Inverse Reciprocity is essentially the key idea behind lone student's and J.W.T's answer, viz.

$\!\!\bmod 1163\!:\,\ n \equiv \dfrac{-9}8\equiv \dfrac{-9+1163\color{#c00}k}8.\ $ To make the quotient exact we need $\,k\,$ such that

$\!\!\bmod 8\!:\,\ 0\equiv -9\!+\!1163k\equiv -9\!+\!3k\!\iff\! \color{#c00}{k\equiv 3},\ $ so $\ n \equiv \dfrac{-9\!+\!1163(\color{#c00}3)}8\equiv 435\pmod{\!1163}$

This idea is also (implicitly) used in the first method above, i.e. $\,1163\equiv \color{#0a0}3\pmod{\!8}\,$ so clearly adding $1163$ to the numerator $\color{#0a0}{-3}$ makes the numerator divisible by $\,8,\,$ i.e. $\,\color{#c00}{k=1}\,$ works here (it is $\,1/3\,$ of the above $\,\color{#c00}{k=3}\,$ since there we factored out $\,3\,$ from the numerator $-9).\,$ In cases like this where small solutions exist for $\,k\,$ often we can "see" them quickly without explicitly solving the above linear congruence (e.g. by testing small values $\,k\equiv \pm1,\pm2\,$ etc, i.e. "twiddle" the numerator by adding small multiples of the modulus then testing if this yields an exact quotient).

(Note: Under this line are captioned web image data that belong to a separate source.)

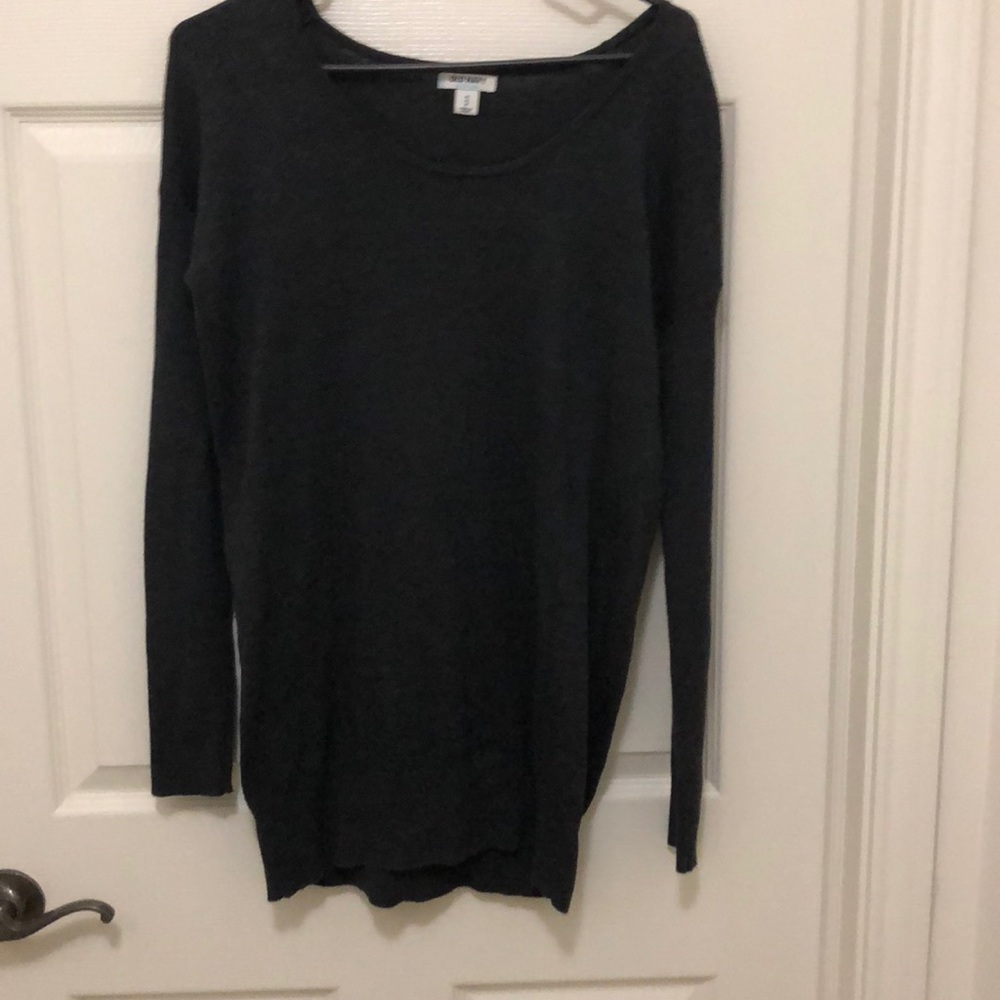 Old Navy women’s pull over sweater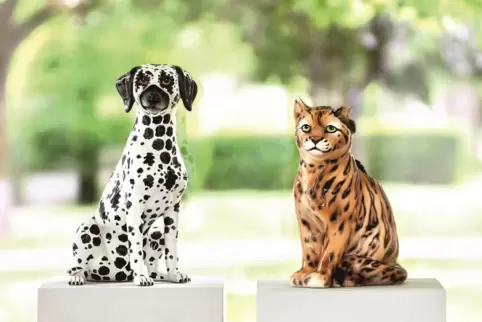 Echt kitschig: Marcel Walldorfs Porzellanfiguren haben ein Innenleben aus Tierpräparaten. 
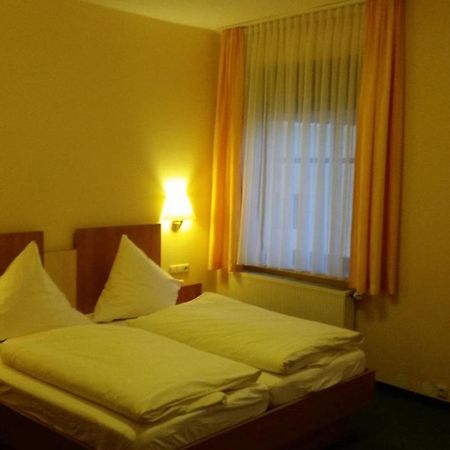 Hotel Thueringer Hof Ebeleben Esterno foto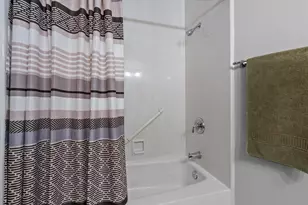 5661 S 24th St, Milwaukee, WI 53221 - Photo 20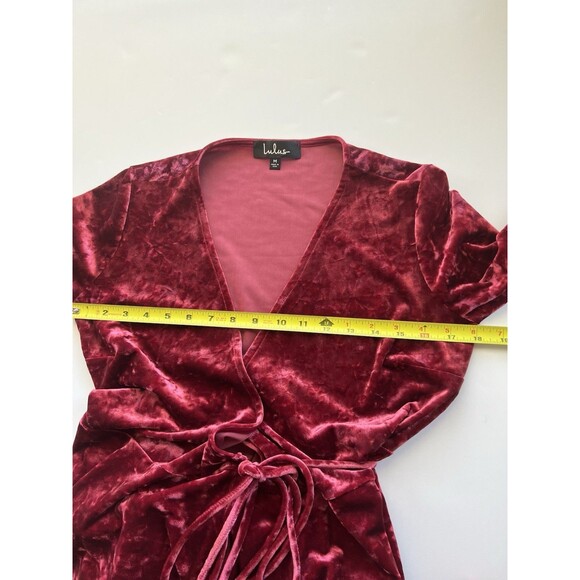 Lulus Wine Red Crushed Velvet Wrap Dress 3/4 Sleeve Side Tie Size M - Picture 13 of 14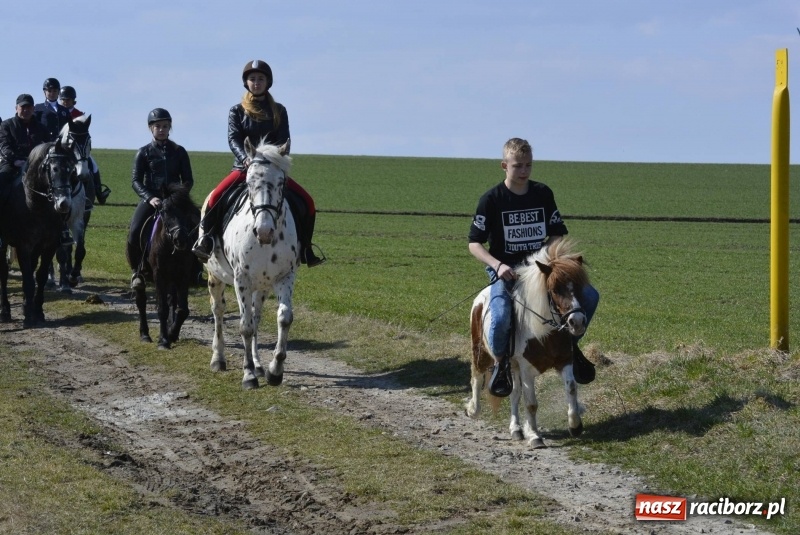 Zdjęcie w galerii na portalu naszraciborz.pl: Bieńkowicka procesja z biskupem Rudolfem wiadomości z regionu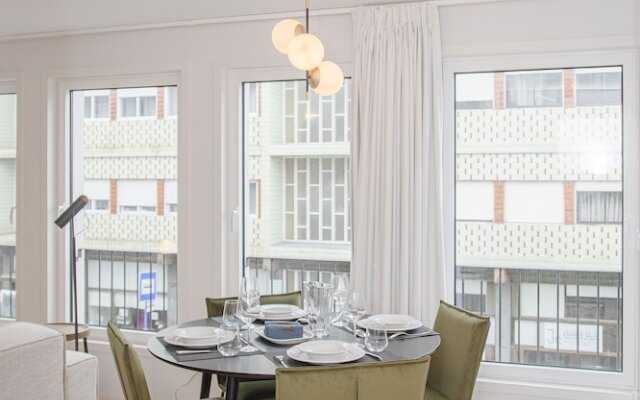 Liiiving - Modern & Glam Apartment M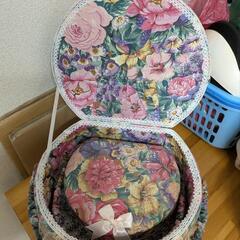 お花柄のケースの画像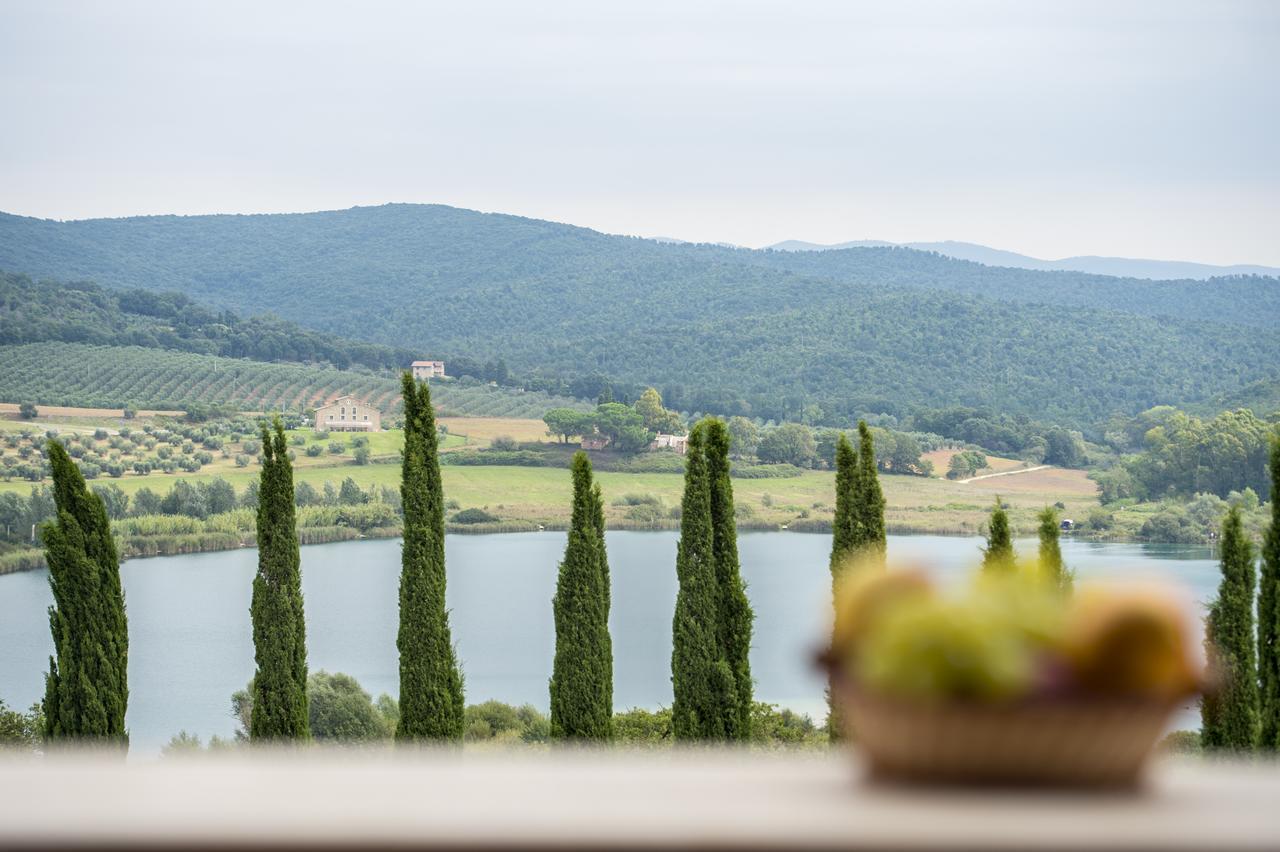 Agriturismo Poggio Corbello La Pesta Екстер'єр фото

This is essentially an optimization of the Extended Euclidean Algorithm (when it takes two steps).


$\!\!\bmod 1163\!:\,\ \dfrac{1}{4}\equiv\dfrac{1164}4\equiv 291\overset{\times\,\large\frac{\!-1}2}\Longrightarrow\: \dfrac{\!\!-1}8\equiv\dfrac{-291}2$ $\equiv\dfrac{872}{2}\equiv 436;\, $ subtract $\,1\,$ to get $\ \dfrac{\!-9}8$


As above & here the freedom to choose $\rm\color{#c00}{even}$ residue reps $\!\bmod\!$ odds makes division by 2 easy:

$\bmod 1163\!:\,\ n\equiv \dfrac{-9}{8} \equiv \dfrac{\color{#c00}{-1172}}8\equiv \dfrac{-293}2\equiv\dfrac{\color{#c00}{870}}2\equiv 435.\ $ Or, similar to lesseli's answer

$\bmod 1163\!:\,\ n\equiv \dfrac{-9}{8}\ \equiv\ \dfrac{\color{#c00}{1154}}8\ \equiv\ \dfrac{577}4\equiv\dfrac{\color{#c00}{1740}}4\equiv435$.

The key idea is: if the modulus $m$ is odd then $\,2\mid a\,$ or $\,2\mid \color{#c00}{a\!\pm\!m},\,$ so we can quickly divide by $\,2\,$ by choosing the $\rm\color{#c00}{rep}$ that is even. Iterating that we can easily divide by all powers of $\,2\,$ (e.g $\,8\,$ above). This is the idea in lessili's answer, and the 2nd way above. More generally, see below.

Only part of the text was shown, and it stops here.